Write out exactly the lines running from the one with "1-к квартира, вторичка, 17м2, 5/5 этаж" to the end of the data, including both of those lines and excluding pictures.

====== MATERIAL PROVIDED

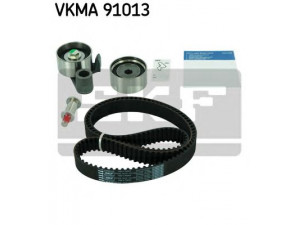 SKF VKMA 91013 paskirstymo diržo komplektas 
 Techninės priežiūros dalys -> Papildomas remontas
13503-63010, 13503-63011, 13503-63020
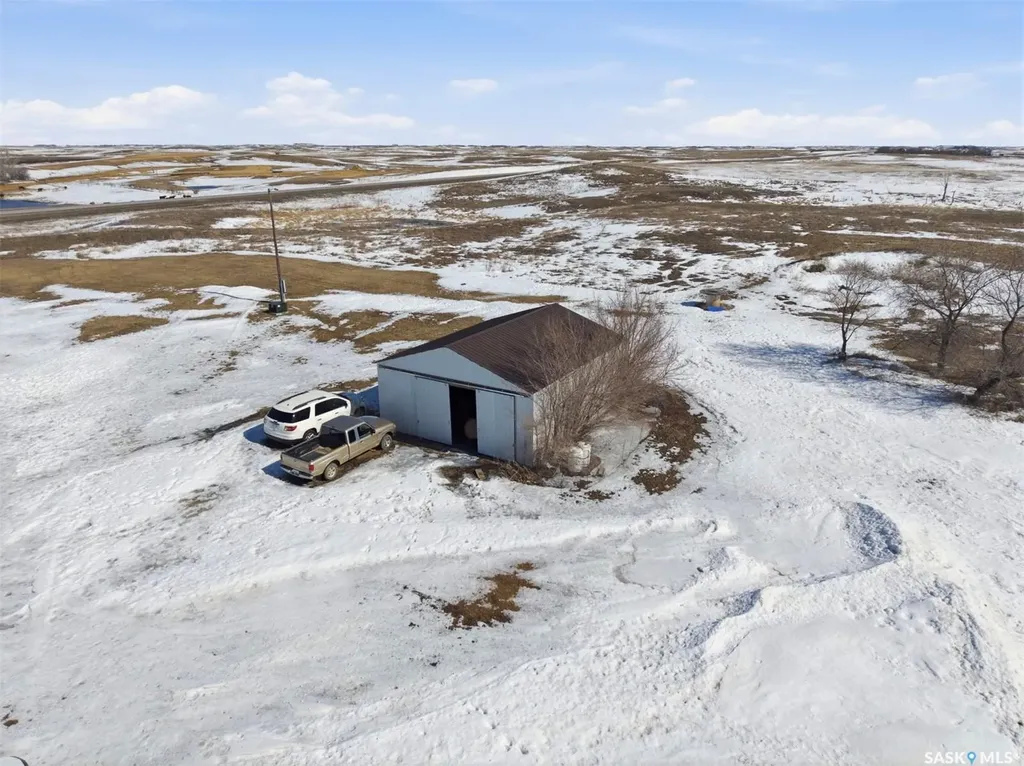 Rural Address Mccraney Rm No. 282 SK S0K 2N0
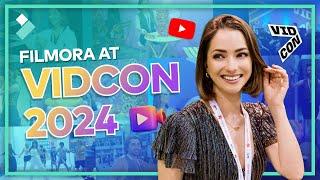 Inside VidCon 2024 Must-See highlights with @chenaverony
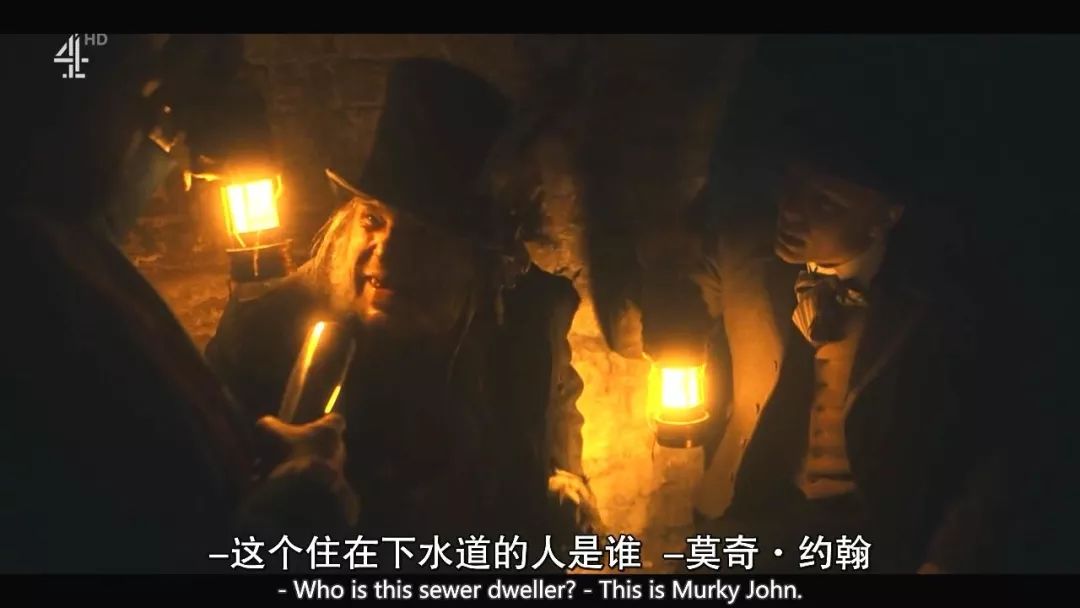 又黄又暴的沙雕英剧，告诉你垃圾不分类的下场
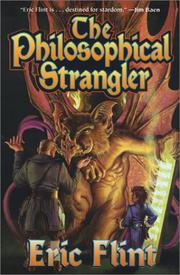 Cover of: The philosophical strangler by Eric Flint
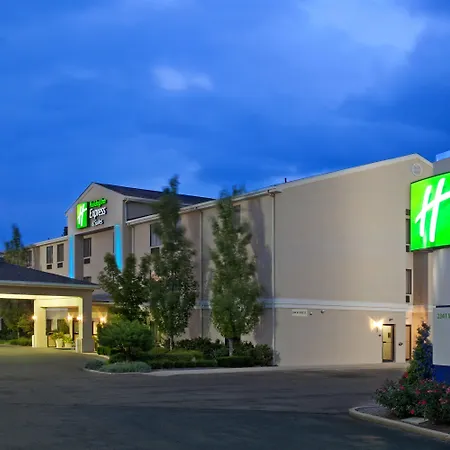 Holiday Inn Express & Suites Alliance By Ihg-2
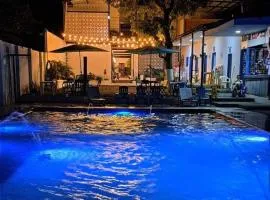 HOTEL PLAZA UTICA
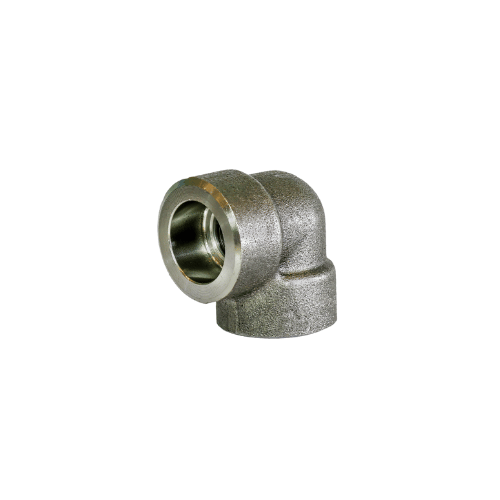 Codos 90° Socket Weld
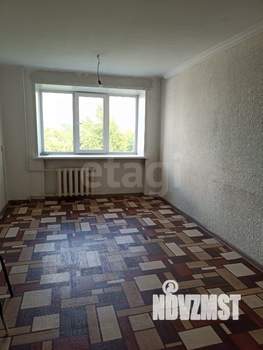 1-к квартира, вторичка, 17м2, 5/5 этаж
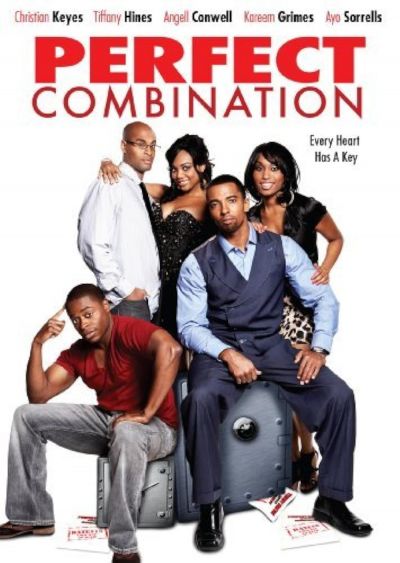 watch-Perfect Combination (2010)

============

[TASK SOLUTION]:
 1-к квартира, вторичка, 17м2, 5/5 этаж
 watch-Perfect Combination (2010)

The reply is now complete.